Mostrando postagens com marcador imaginação. Mostrar todas as postagens
Mostrando postagens com marcador imaginação. Mostrar todas as postagens

sexta-feira, novembro 04, 2016

A redação, a Apollo 11 e o grêmio literário

Eu estava à cata de informações para uma redação, na imaturidade de meus 13 anos.

Os acessos eram difíceis, embora houvesse os jornais, a TV, as revistas e principalmente a imaginação.

Naquele julho de 69, a Apollo 11 era a primeira missão de sucesso, com Neil Armstrong pisando na lua e surgindo nas telas da TV, numa imagem entrecortada de chuviscos e emoção.

Eu elaborara a redação com cuidado, tentando ser o mais verídico possível, sem ser previsível.

Naturalmente não possuía esta percepção de previsibilidade, mas por pura intuição, eu tentava ser original, no esforço de transformar o texto num produto bem elaborado.

Enveredava sempre que podia, pela imaginação, transportando meu mundo interior fundamentado na fantasia do espaço para o papel, procurando decifrar a perspectiva que possuia no avanço espacial.

Aquela nave maravilhosa, desenhando no céu uma centelha de luz, trazendo a nós, terráqueos, uma visão tão próxima da lua, com a certeza de que os astronautas pisavam pela primeira vez no solo inatingível.

Desta forma, realizei a redação, se não a melhor, uma das melhores de minha carreira de estudante.

Certo dia, o diretor da escola, um frade austero, de olhar frio e perscrutador, adentrou a sala, invadindo a aula de português.

Nosso professor, Irmão PL. recebeu-o com cortesia.

Um meio sorriso nos lábios, uma ansiedade contida, um torcer de mãos sob a batina branca, talvez na mesma expectativa em que estávamos mergulhados.

Ele era alto, cabelo ralo, nariz adunco, mãos grandes e dedos peludos.
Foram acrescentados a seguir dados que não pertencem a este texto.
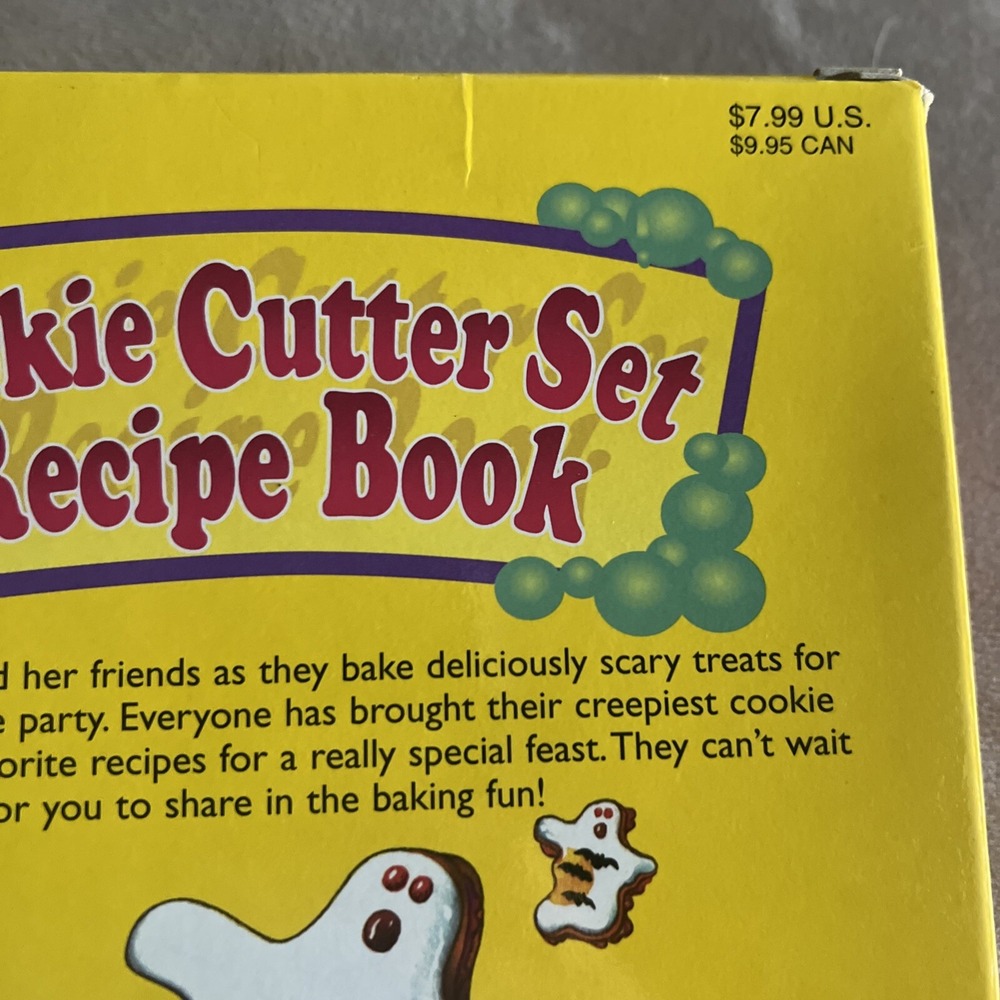 Creepy Cookies: Halloween Cookie Cutter Set & Recipe Book By Reader's Digest 96 - Picture 6 of 11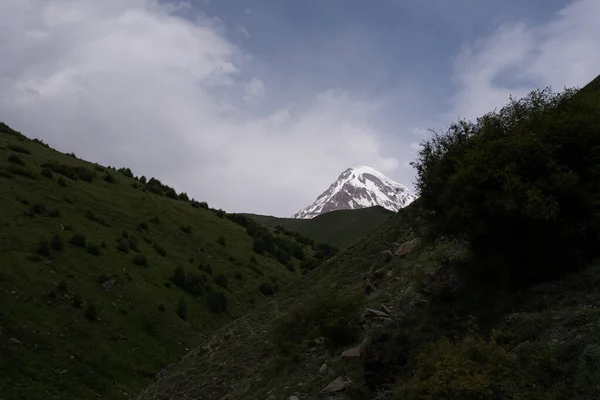 Pasma Górskie Gruzji Kazbegi Gdzie Dwie Góry Tworzą Trójkątny Kształt — Zdjęcie stockowe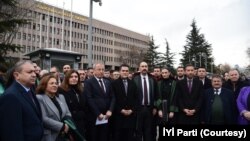 İYİ Parti Hukuk ve Seçim İşleri Başkanı Hakan Şeref Olgun, Ankara Adliyesi önünde duruşma öncesinde konuşma yaptı.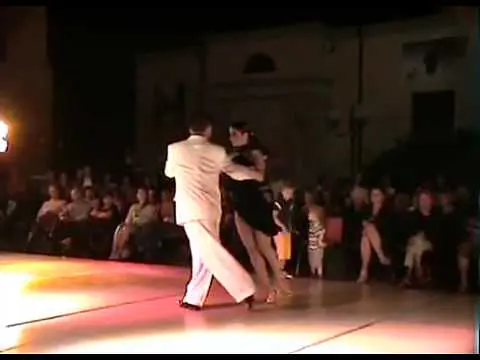 Video thumbnail for 2009 6° Milongueando Tango Festival Marco Palladino e Elena Garis ballano "Mala Junta"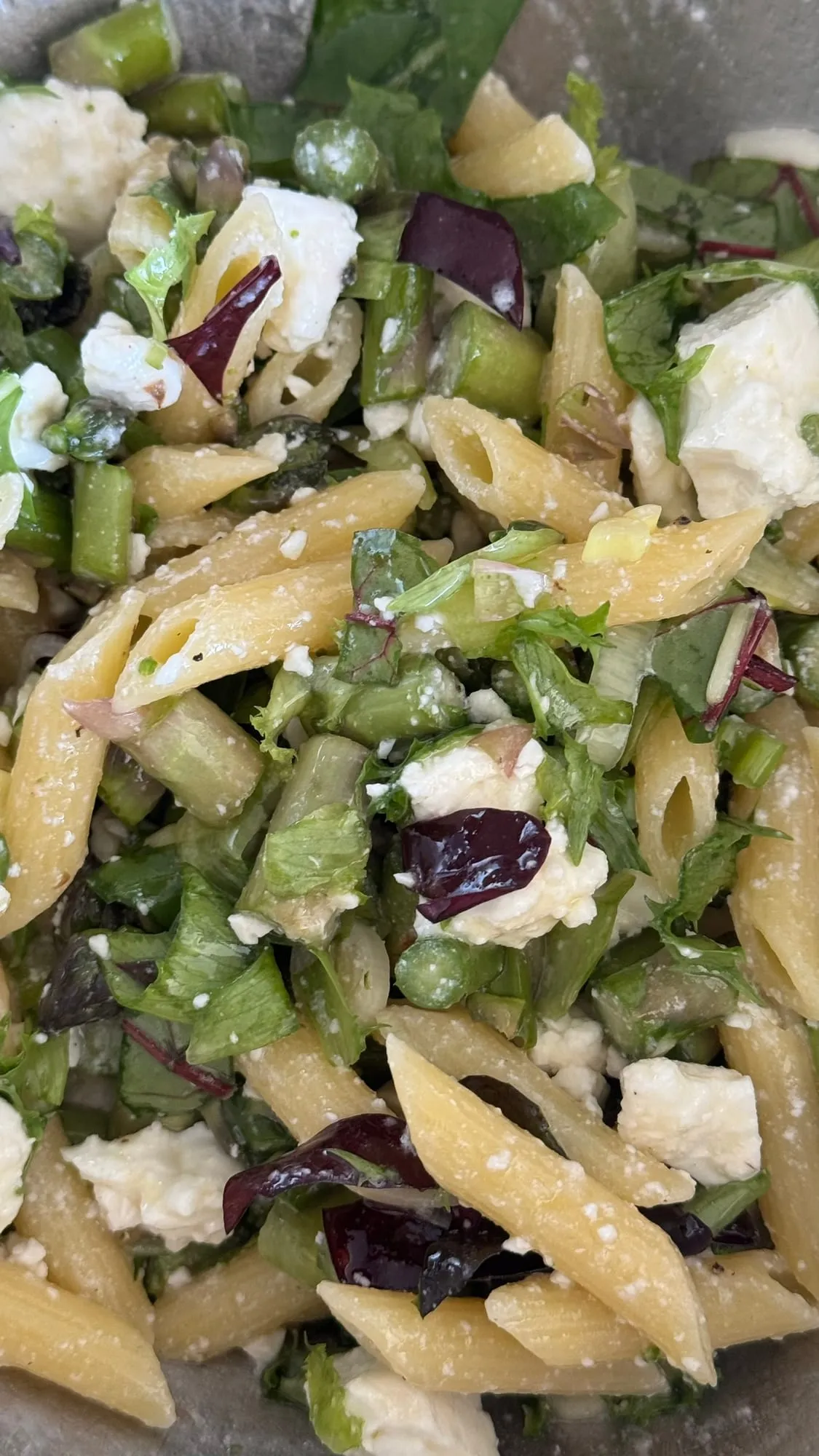 Nudelsalat mit Feta und Spargel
Tinha um olhar tranquilo, mas havia neles uma interrogação, que me inquietava.

Talvez não exatamente por sua conduta, mas pela minha maneira peculiar de observar as pessoas e considerá-las um produto promissor para minhas histórias.

Eu fiquei circunspecto, sem muita expectativa, a não ser imaginar que o assnto que levara o diretor à sala de aula, seria algum tipo de norma reformulada ou talvez um feriado religioso, no qual participaríamos em alguma solenidade.

Eu, magro, mãos sobre a mesa, olhar atento, cabelo caído na testa, a la Beatles, observava o cenário já meio enfadado.

Meus colegas cochichavam, faziam mil esforços intelectuais para descobrir o motivo do diretor aparecer assim, de súbito.

De repente, ele manifestou-se através de uma fala burocrática, citando a turma que, segundo ele estava bem orientada na aula de língua portuguesa , deu os conselhos de praxe e por fim, citou o meu nome.

O meu nome? Perguntei-me atônito, a que se referia.

Claro que perguntei mentalmente, sem abrir a boca ou piscar os olhos.

Alguns segundos e o diretor pediu que eu me levantasse.

Obedeci, pernas trêmulas, joelhos batendo um no outro, coração aos pulos.

Não sabia o que pensar, o que dizer, o que imaginar.

Nem passava pela minha mente confusa, qualquer indagação que não fosse uma temerosa culpa por alguma conduta indevida.

Ele então, mandou que eu sentasse, o que fiz de imediato, deixando cair os braços sobre a carteira, mãos presas na caneta, desenhando quase involuntário no caderno, tentando fugir daquela atmosfera de incerteza.

Ele prosseguiu elogiando a redação que eu fizera, acrescentando que havia sido muito bem avaliada pelos professores e que, em virtude da qualidade do texto seria publicada no jornal da cidade.

Quando afastou-se, os colegas todos me olharam, juntamente com o professor, que parecia abalado, pois nada dissera a respeito. Nem me cumprimentara.

Houve mil brincadeiras e muitos apelidos, culminando por me chamarem de poeta.

Para eles, qualquer um que escrevesse razoavelmente era um poeta.

Ou talvez fizessem uma leitura pejorativa, realçando que a sensibilidade não era prerrogativa de meninos. Não sei. Coisas que talvez Freud explicasse. Afinal, era um tempo de uma ideologia tecnicista, na qual as artes e filosofias foram excluídas.

No intervalo, as brincadeira se sucediam, mas eu estava feliz, porque o meu texto fora analisado, elogiado e comprovado publicamente que tinha qualidade.

Com o passar do tempo, eu tinha ainda mais ânimo para escrever, não somente as redações obrigatórias da escola, como outras histórias, que criava em total liberdade de meus pensamentos e imaginação.

Neste período, elaborava contos ou imensos romances, pontuados de ação, aventura e emoção, abrangendo deste modo, os sentimentos que imaginava aos personagens e suas tramas.

Era uma dramaturgia intuitiva e repleta de clichês, mas que ampliava a minha imaginação e de certo modo, o conhecimento literário, além de ampliar o gosto pela leitura.

Nos sábados, em que se realizava o grêmio literário da escola, costumávamos assistir os trabalhos feitos pelos colegas, cujas diversas turmas se reuniam e havia muitas apresentações, com a participação dos professores de português e inclusive de outras disciplinas que confraternizavam com os seus alunos.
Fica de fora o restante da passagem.